During the 1850s, with the exception of one Martin Griffin of Killarainy, all the Moycullen Griffins listed as occupiers in Griffiths Valuation, (Hugh, John, Mary, Mathias, and Martin) were to be found in Newtown. Shortly thereafter several Newtown Griffin families emigrated to Washington DC where they achieved some prominence. Thomas Griffin (1845-1921) was celebrated for his 50 years of service as the Stationary Clerk at the US Department of State, serving under 23 secretaries of State. His brother Martin Griffin (1834-1909) was the Florist (chief gardener) for the US Department of the Treasury for almost 50 years.
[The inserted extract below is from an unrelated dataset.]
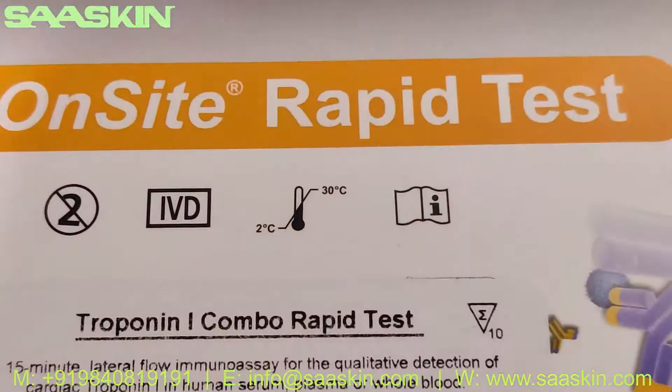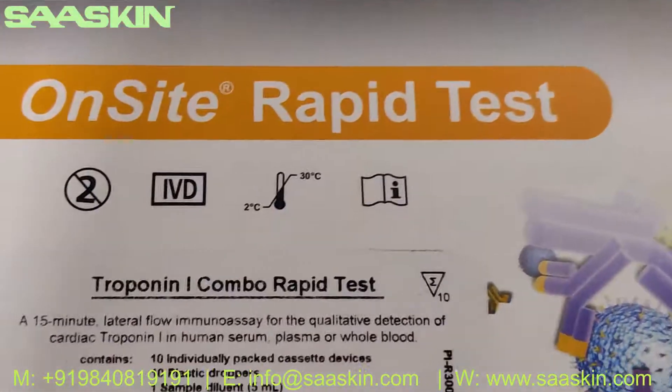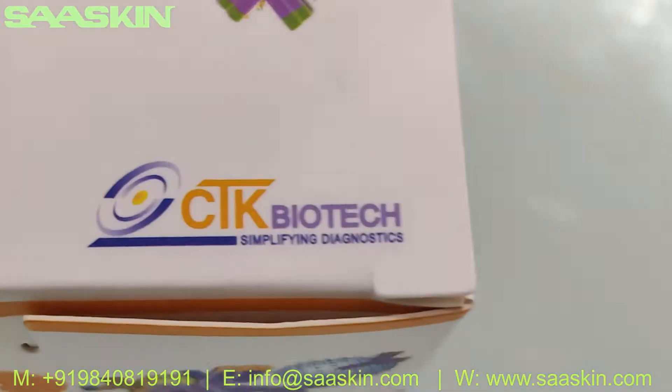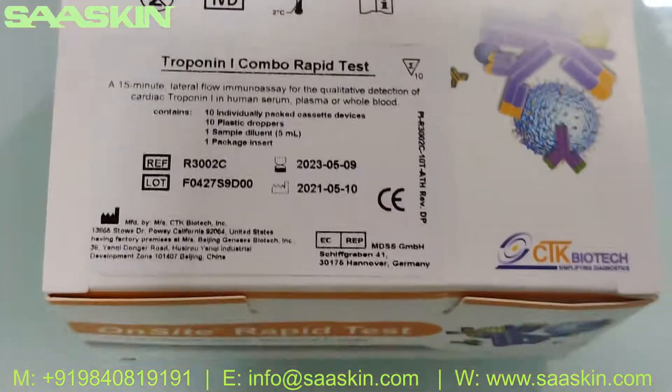This is the Drop-in iCombo test. This is how the box looks like. It's a CTK Biotech drop-in iCombo rabbit test kit, and this is a 10-test kit pack.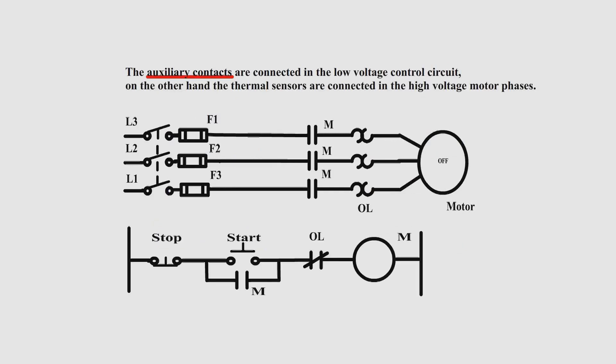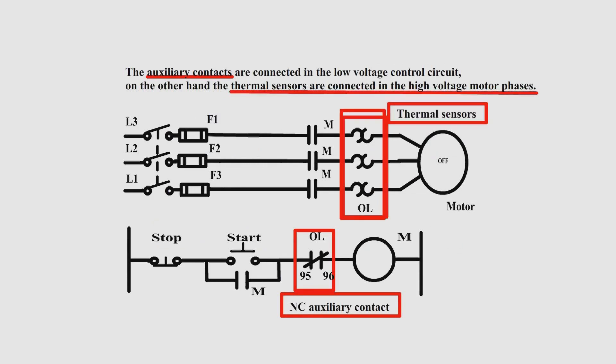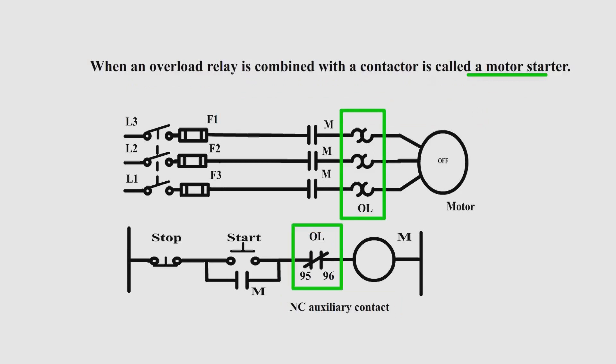The auxiliary contacts are connected in the low voltage control circuit, while the thermal sensors are connected in the high voltage motor phases. When an overload relay is combined with a contactor, it is called a motor starter.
At the time of his death, the Washington Post noted that he had kept the “sunken gardens of the Treasury looking like a carpet of velvet and his floral treatments of the garden were a source of delight to Washingtonians and visitors.”
Others of the family remained in Moycullen and at the 1901 Census, the Griffins were still resident in Newtown. Additionally, in neighboring Killannin parish, there were Griffins in three townlands: in Rosscahill, (descendants of Mathias Griffin (1797-1877), Gortnagroagh and Letter.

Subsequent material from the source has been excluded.